Like my freshman suitemate’s grandmother.
My living situation freshman year of college was…well, interesting, as is the case with basically all college freshmen. My college arranges students in suites, which are made up of a few bedrooms (single or double) all connecting to a common living room. So instead of getting to know just your roommate really well, you also get to know four other suitemates pretty well, too. And since you don’t have much of a say in who these suitemates are, you end up in one of three situations: becoming best friends; hating each other; or being surprised every day with unexpected stories and experiences.
Mine was definitely the latter, courtesy of my suitemate Charysse.
Charysse had a single, and she kept to herself for much of the first month of college. We all did, when we weren’t sticking like glue to the few friendly people we found. (My roommate Daena and I pretty much went everywhere together.) But around October, something changed, and Charysse started spending more time with us in the common room, and we got to know each other real fast. Charysse posted her graded chemistry lab reports up on the walls, because she goaded her TA with ridiculous conclusions comparing the study of chemistry to the study of love. The TA responded with outraged comments, which made for excellent posters. Charysse also led us in afternoon singing sessions, which she taped on a little hand-held recorder. We discovered a shared love of Led Zeppelin and rocked out to Kashmir on quiet weeknights. It was one of those friendships that can only develop in college, when you’re thrown together with people you wouldn’t normally get to know. You discover how much you actually have in common with them.
|Jacques Pepin Celebrates! (actual poster from PBS)|
One of the most memorable aspects of that freshman year, aside from all of the above, was coming home to discover that Charysse had gotten another package from her grandmother. Her grandmother loved to send her all sorts of random gifts, which, while thoughtful, rarely had anything to do with anything. A typical package might include a creased PBS poster of Jacques Pepin (which went up on the walls, of course) and six can openers (one for each member of the suite). We had a lot of fun trying to decipher what these gifts meant.
But the strangest package was the one with the sardines. Her grandmother sent some big cans of sardines, along with a few other items that I can’t recall. And after a long discussion of what this latest gift meant, Charysse opened up the cans and ate the sardines. I don’t remember if I joined in–this was early on in my anchovy-sardine career, and I may not have even tried them by that point. But something about those little fishes nestled in their tin packet of oil appealed to my adventurous side. And I mentally added sardines to my list of approved foods.
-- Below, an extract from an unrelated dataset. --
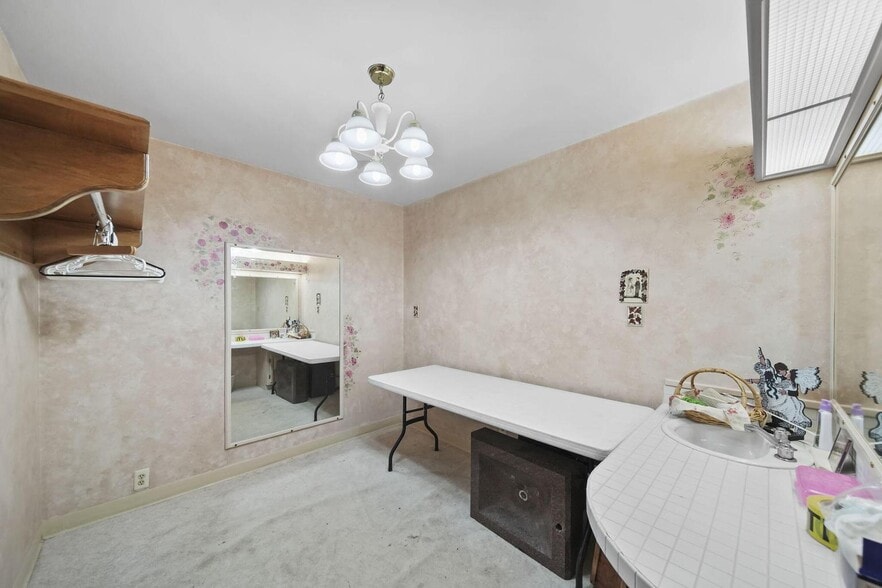 More Photos Of 201 S Jackson St, Jackson Specialty For Sale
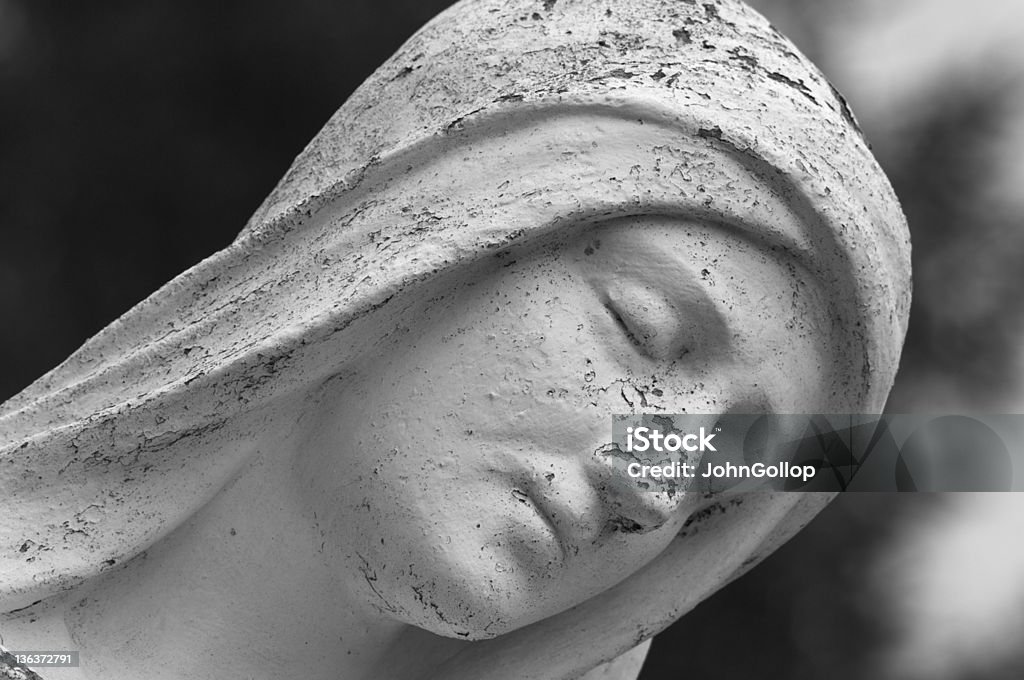 Antigua estatua - Foto de stock de Blanco y negro libre de derechos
It’s a silly little story, one that makes me smile the way college stories do. But I always think of it whenever I’m dealing with sardines.
Unfortunately, The “Settlement” Cook Book‘s version is less than stellar. You mash up sardines and hard-boiled eggs into a kind of paste, which you then spread on sandwiches. It’s a perfectly serviceable meal, but it lacks flavor. Perhaps the eggs cut the fishy flavor of the sardines. Honestly, when I’m eating sardines, I want the full experience. You’re wrinkling your nose, I know, but it’s true. Go big or go home, they say, and it’s the same with sardines.
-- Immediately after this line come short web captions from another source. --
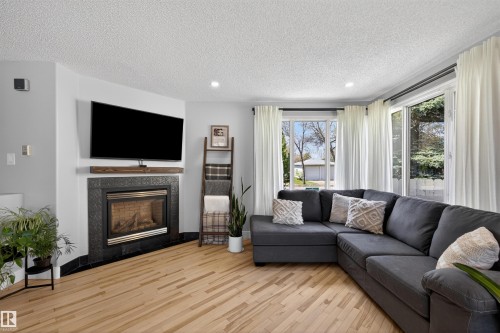 5 Arlington Drive, St. Albert, AB - Indoor Photo Showing Living Room With Fireplace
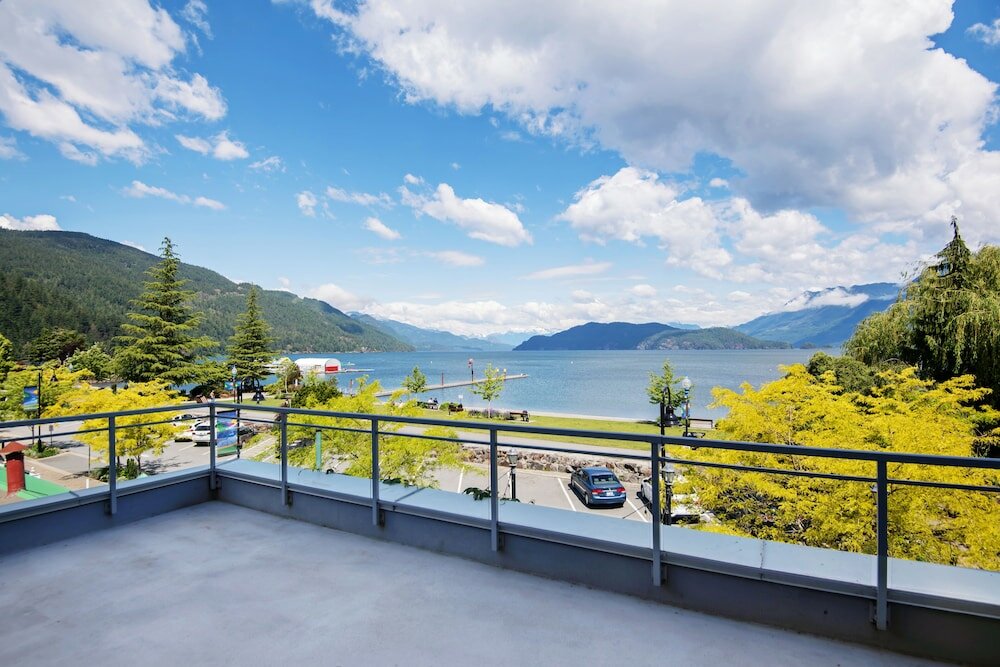 Фото Harrison Beach Hotel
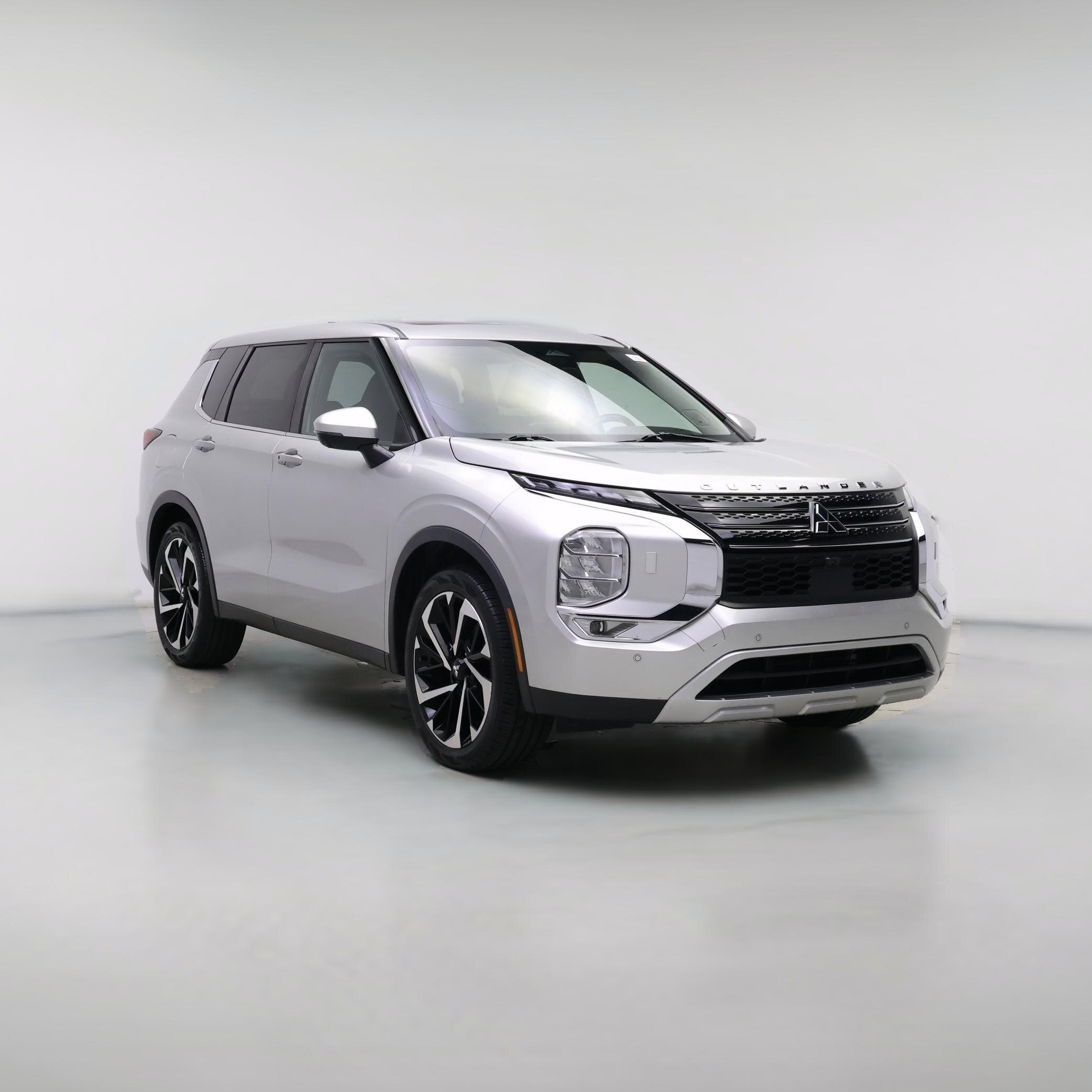 Thumbnail: 2022 Mitsubishi Outlander - 1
Just ask Charysse and her grandmother. They’ll tell you.
What about you? Do you have any weird food preferences? I’d love to chat…
(adapted from The “Settlement” Cook Book)
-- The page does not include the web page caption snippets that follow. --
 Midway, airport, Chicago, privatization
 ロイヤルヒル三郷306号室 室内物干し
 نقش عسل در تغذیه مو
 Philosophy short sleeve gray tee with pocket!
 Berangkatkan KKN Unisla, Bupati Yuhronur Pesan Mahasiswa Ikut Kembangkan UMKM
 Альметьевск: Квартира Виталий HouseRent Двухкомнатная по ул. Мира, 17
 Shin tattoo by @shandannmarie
1 4.25 oz can of sardines in oil
2 hard-boiled eggs, shelled
1-2 tsp lemon juice
salt and pepper to taste
3-4 tsp olive oil
Rinse the sardines with fresh water and drain. Pick out the spine and other prominent bones from the fish. With a fork or potato masher, mash together the sardines and eggs in a small bowl. Add the lemon juice and salt and pepper, then add just enough olive oil to bring the mixture together into a paste. Serve on toasted bread with fresh greens.